*ABOUT THIS TASK*. A complete response lists each line of the data below that includes the word "Sleeve".

[Web page caption snippets]
----------------
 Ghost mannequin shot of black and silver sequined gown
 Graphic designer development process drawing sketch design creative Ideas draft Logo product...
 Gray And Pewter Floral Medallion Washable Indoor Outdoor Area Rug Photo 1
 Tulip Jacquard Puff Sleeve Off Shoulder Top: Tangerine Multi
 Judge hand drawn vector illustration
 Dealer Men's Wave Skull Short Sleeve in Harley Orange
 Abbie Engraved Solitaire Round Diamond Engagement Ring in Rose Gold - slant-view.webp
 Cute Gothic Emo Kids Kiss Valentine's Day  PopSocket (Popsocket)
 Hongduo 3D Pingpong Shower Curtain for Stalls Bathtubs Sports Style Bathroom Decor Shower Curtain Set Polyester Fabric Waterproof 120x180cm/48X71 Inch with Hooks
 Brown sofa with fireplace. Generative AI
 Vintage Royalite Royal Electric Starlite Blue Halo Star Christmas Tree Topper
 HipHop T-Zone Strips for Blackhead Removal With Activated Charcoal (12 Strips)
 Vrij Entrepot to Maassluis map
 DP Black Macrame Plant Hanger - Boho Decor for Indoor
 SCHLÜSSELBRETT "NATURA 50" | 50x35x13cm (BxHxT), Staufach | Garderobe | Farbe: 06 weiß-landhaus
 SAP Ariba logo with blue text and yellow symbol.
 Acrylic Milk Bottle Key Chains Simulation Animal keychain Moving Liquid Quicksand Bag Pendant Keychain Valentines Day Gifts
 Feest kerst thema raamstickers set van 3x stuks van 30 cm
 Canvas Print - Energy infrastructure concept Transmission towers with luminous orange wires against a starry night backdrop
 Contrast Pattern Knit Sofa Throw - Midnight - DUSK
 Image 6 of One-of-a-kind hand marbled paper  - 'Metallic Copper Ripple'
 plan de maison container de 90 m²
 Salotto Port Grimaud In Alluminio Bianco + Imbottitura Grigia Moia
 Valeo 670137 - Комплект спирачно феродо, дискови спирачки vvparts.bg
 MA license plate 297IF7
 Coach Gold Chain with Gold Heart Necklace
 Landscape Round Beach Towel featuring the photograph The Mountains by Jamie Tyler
----------------
*ANSWER FOR THE TASK*.
 Tulip Jacquard Puff Sleeve Off Shoulder Top: Tangerine Multi
 Dealer Men's Wave Skull Short Sleeve in Harley Orange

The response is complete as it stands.